Odelia parked her car in a no-parking zone, then got out and Dooley and I followed suit. We trotted up to the hotel’s entrance and Odelia picked us both up and carried us inside. At least the Hampton Cove Star isn’t one of those No Pets Allowed places. I hate it when hotels do that. There should probably be a law against that. The no No Pets law.

Gran had taken out her smartphone and was aiming it at Odelia.

“What are you doing?” asked Odelia.

“Filming you. What do you think I’m doing?”

“And why are you filming me?”

“For my vlog. Didn’t I tell you? I have a vlog. It’s like a blog, but less boring because it’s got video. I’ve been filming lots of things. I filmed Tex while he was sleeping, and Marge while she was in the bathroom. I’m trying to paint a portrait of life as a middle-aged woman in the suburbs. I’m calling it Desperate Housewives.”

“You can’t use that title.”

“Too bad. I already did.”

Desperate Housewives is a famous TV show, Gran.”

“I’m sure it’s not.”

“Besides, you’re not a middle-aged woman and Hampton Cove isn’t the suburbs.”

“You’re just jealous because I thought of it first.” She pointed her phone at us and Dooley and I stared up at her.

“Are we going to be in this movie, too, Gran?” asked Dooley.

“Of course you are. What would life for a desperate housewife be without her trusty pets? Now smile for the camera, you guys. Big smiles.”

I could have told her that cats don’t smile. Instead, we meowed. That seemed to satisfy her inner desperate housewife for she said, “Excellent,” and tucked her phone away.

“You’re not filming the suspects,” said Odelia.

“Of course I’m filming the suspects. I filmed Drood, didn’t I? And I filmed Ackerman—before and after he tumbled off his perch.”

Odelia turned to her grandmother, looking absolutely horrified. “You didn’t!”

Gran patted her phone. “This is going to be a very special episode of Desperate Housewives. The one where Vesta and Odelia solve the murder of a famous writer.”

“You can’t film our murder investigation! That’s…” She flapped her arms like a desperate chicken. “Unethical not to mention people could sue for breach of privacy!”

“Poppycock. Cops does it all the time.”

“They have people sign release forms!”

“I don’t think so. People love to be on TV.”

The elevator had arrived on the second floor and jerked to a stop. The doors slid open and we all walked out. My paws sunk into the plush carpet and I couldn’t resist the urge to dig my claws in and do a little stropping. What? It was a very nice carpet!

Meanwhile, the Desperate Housewives feud was still ongoing.

“Gran,” said Odelia warningly, “put away that phone. Now!”

“I’m a vlogging detective! I can’t vlog without my phone!”

Odelia made a grab for Gran’s phone, but the old lady deftly held it out of reach.

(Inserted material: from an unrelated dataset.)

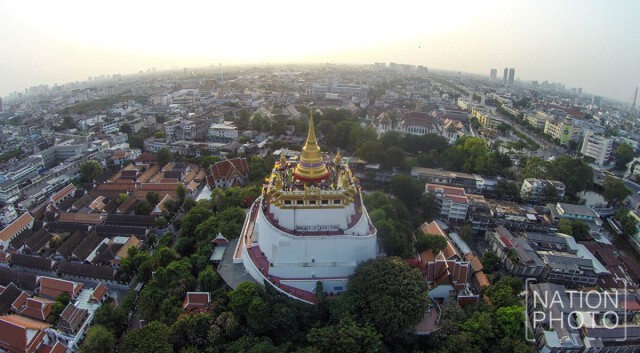 ภาพชุดสุดอลัง มุมสูงภูเขาทอง ก่อนเวียนเทียน ในค่ำคืน "มาฆบูชา"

“Gimme that,” Odelia grunted.

“Over my dead body,” Gran returned.

“That can be arranged.”

“You would strike your poor old grandmother?”

“I thought you were a desperate housewife?”

“You are being very rude, young lady,” said Gran, trying a different tack.

Just then, the door Odelia had knocked on swung open, and a heavyset woman with curly gray hair and horse-faced features appeared. She didn’t look happy to see us.

Immediately Odelia plastered a pleasant smile on her face. “Mrs. Ackerman? My name is Odelia Poole and this is Vesta Muffin. We’re civilian consultants working with the Hampton Cove Police Department and we would like to ask you a few questions about the death of your husband Chris Ackerman. May we come in?”

The woman’s eyes shifted between Odelia and Gran. Finally, she asked gruffly, “Why are you filming me?”

“Police procedure, Mrs. Ackerman,” said Gran swiftly. “To protect ourselves from potential lawsuits we’ve been legally advised to film any contact with the general public.”

“Huh,” said Mrs. Ackerman.

“Yup. Cops have body cameras. Civilian consultants have to make do with these.”

“Weird,” the woman commented, but then shrugged it off and bade us all entry.